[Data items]
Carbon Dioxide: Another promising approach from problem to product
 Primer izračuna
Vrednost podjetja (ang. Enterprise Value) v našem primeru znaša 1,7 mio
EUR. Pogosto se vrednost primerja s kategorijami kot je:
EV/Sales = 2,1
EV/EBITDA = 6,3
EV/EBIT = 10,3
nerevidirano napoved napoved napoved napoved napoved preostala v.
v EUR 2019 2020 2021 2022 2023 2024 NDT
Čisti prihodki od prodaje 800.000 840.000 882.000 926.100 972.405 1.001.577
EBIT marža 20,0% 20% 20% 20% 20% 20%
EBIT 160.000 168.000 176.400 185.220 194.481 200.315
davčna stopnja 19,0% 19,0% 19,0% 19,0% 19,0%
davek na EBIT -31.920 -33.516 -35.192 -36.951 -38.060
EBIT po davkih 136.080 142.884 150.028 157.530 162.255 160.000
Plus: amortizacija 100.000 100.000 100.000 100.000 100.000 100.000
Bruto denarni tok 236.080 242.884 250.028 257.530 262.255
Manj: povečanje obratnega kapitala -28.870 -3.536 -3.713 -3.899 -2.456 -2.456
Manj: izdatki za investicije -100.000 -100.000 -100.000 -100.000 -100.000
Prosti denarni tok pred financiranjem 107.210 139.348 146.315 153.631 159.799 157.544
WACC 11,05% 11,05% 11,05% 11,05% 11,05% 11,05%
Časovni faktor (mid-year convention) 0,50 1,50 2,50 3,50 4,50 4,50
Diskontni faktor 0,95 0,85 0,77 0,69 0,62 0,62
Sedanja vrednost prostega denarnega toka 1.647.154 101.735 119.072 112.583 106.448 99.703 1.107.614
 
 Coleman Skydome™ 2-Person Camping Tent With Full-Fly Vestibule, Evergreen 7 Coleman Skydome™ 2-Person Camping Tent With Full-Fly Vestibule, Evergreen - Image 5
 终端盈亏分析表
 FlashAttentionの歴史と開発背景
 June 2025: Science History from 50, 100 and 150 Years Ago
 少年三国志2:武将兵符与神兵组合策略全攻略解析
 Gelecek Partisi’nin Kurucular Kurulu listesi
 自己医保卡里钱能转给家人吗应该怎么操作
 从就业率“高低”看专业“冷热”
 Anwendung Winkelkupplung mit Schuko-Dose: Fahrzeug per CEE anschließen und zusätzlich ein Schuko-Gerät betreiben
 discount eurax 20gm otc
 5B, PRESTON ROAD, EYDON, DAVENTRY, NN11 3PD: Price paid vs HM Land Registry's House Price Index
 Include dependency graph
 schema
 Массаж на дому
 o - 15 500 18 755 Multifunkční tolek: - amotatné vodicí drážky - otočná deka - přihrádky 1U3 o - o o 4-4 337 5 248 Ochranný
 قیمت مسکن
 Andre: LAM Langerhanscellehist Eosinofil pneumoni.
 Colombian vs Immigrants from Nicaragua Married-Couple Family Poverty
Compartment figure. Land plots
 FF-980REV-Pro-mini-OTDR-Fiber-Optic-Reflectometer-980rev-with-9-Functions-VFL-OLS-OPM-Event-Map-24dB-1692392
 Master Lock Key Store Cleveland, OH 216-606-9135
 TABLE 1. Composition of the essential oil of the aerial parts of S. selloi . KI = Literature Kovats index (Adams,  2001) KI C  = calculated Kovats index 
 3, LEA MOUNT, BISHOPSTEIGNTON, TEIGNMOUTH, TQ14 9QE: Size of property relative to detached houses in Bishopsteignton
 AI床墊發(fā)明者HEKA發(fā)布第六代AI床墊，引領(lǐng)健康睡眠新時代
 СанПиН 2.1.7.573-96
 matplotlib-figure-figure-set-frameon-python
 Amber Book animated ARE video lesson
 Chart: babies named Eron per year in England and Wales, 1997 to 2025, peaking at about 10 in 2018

- _What is needed_:
Only lines that contain the string "Manj" count; pick each one out of the records and copy it.

- _Output of the task_:
Manj: povečanje obratnega kapitala -28.870 -3.536 -3.713 -3.899 -2.456 -2.456
Manj: izdatki za investicije -100.000 -100.000 -100.000 -100.000 -100.000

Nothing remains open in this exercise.